Cette baisse indique que les investisseurs ne s’attendent pas à des mouvements importants du VIX dans les mois à venir, soit en raison d’un manque de demande de couverture suite à la réduction massive du risque par les stratégies flexibles et systématiques dans la première partie de l’année, soit parce que les marchés de la volatilité ont déjà fortement décoté et offrent une faible sensibilité et un faible levier à la faiblesse du marché à ces niveaux. Une volatilité implicite de 30% correspond à un mouvement mensuel de 8,7% ou hebdomadaire de 4,2%, ce qui souligne les contraintes difficiles pour les stratégies optionnelles de rentrer dans leurs frais. À titre d’exemple, les extrémités 1σ à 1 an pour le S&P500 sont de 3 250 à 4 650. Pour le taux 10 ans US, c’est 2,0-4,0% et 70-160 USD pour le Brent.

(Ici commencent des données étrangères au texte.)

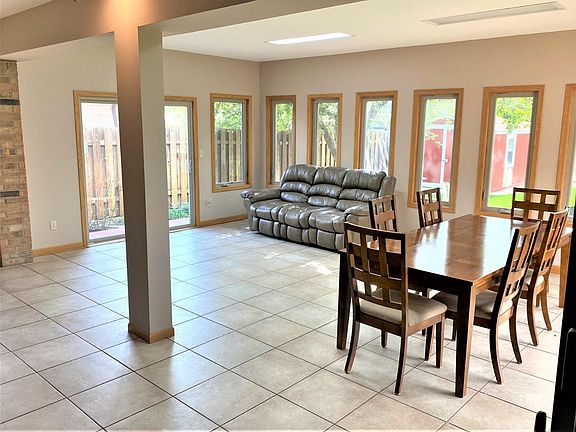 5th image of 2609 N Coachman Ln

Ce manque de réaction du VIX par rapport au VVIX est nouveau, comme le montre la figure 4, qui montre les variations sur trois mois des deux indices. La sensibilité du VIX par rapport au VVIX a été nettement plus faible cette année que par le passé, malgré la grande amplitude de variation du VVIX et explique, selon nous, la récente performance décevante de la convexité intégrée dans les structures d’actions optionnelles.

Figure 4: VVIX vs VIX

(variation hebdomadaire, 2006-2022)

Sources: Bloomberg, Unigestion. Données au 17.07.2022.

Le point bas est-il proche?

Le profil historique du ratio VVIX/VIX suggère qu’un plancher à court terme pourrait être en place. Comme le montre la figure 5, le ratio à ces niveaux bas signale généralement un pic de l’aversion au risque, suivi d’un creux pour les actifs orientés vers la croissance. Néanmoins, l’élargissement actuel des spreads de crédit – bien qu’important – semble trop modéré par rapport aux épisodes passés et n’est pas aligné avec le niveau des ratios de volatilité qui justifierait un réengagement en toute confiance du risque.

Figure 5: Ratio de volatilité par rapport aux spreads de crédit

Sources: Bloomberg, Unigestion. Données au 17.07.2022.

Par conséquent, et malgré les signaux positifs provenant du VVIX, qui est la seule mesure convexe qui se négocie en dessous de ses niveaux de mars 2020, nous continuons de penser qu’un pic de normalisation de la politique monétaire équivaudra à une courbe américaine 2-10 ans plate et à des taux nominaux à 3,5%, associés à une croissance négative des bénéfices pour 2022 qui pousserait le SP500 à 3400/3500, soit 10% de moins que les niveaux actuels et 30% de moins que le sommet historique. Cela devrait se traduire par un VIX supérieur à 35, ce qui signifierait à son tour un meilleur rapport risque/récompense pour les actions et les obligations, car la plupart des risques de récession et le choc inflationniste seraient alors pricés.